New York–based photographer A. L. Steiner chronicles her female lover as well as several of her friends in C-prints that tend to be graphically strong and color driven. “Whether the naked women in my photographs are standing next to their fathers or showing their crotches,” she says, “they are in no way meant to arouse you. I look for something my subjects want to do naturally.” Working by instinct, Steiner manages to do something rare: make respectful, sensual images of naked women that, more than anything, seem to document a not-unpleasant life in which self-possessed females appreciate one another and don’t necessarily attach issues of sex or morality to having their clothes off.

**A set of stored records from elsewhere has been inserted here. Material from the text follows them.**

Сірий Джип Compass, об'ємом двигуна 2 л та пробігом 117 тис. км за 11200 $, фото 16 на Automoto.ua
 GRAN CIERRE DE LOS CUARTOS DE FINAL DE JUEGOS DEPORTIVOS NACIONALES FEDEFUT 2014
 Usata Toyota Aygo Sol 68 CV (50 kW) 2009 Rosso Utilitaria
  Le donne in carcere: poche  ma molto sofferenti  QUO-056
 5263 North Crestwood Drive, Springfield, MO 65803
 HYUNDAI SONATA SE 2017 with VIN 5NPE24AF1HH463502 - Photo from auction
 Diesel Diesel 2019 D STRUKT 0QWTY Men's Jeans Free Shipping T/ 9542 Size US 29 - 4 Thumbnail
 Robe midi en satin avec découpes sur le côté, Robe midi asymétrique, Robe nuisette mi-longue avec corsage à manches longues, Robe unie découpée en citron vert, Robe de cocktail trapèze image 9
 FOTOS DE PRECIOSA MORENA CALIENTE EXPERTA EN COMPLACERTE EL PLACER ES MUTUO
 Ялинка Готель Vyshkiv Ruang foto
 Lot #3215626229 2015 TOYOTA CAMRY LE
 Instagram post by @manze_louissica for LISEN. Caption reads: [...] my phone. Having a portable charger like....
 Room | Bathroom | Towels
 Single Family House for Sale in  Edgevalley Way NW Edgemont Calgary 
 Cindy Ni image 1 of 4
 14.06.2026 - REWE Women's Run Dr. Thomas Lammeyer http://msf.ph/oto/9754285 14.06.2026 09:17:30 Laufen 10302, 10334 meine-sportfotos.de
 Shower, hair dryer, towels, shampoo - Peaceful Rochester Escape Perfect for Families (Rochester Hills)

Steiner’s photographs offer an assertion similar to that expressed in the performance works of Schneemann and Export more than 30 years ago: that a woman’s body can be portrayed as other than a sex object or symbolic void. The female nudes being made by women now come off as less caustic than those made in feminism’s heyday. They are like trophies from a life well lived or unflinching investigations of what, exactly, the body signifies. From Steiner’s everyday people and Eisenman’s gallant warriors to Yuskavage’s brooding sexpots and Beecroft’s Stepford vixens, the female nude’s significance is more open-ended than ever.
Sarah Valdez is a freelance writer based in New York.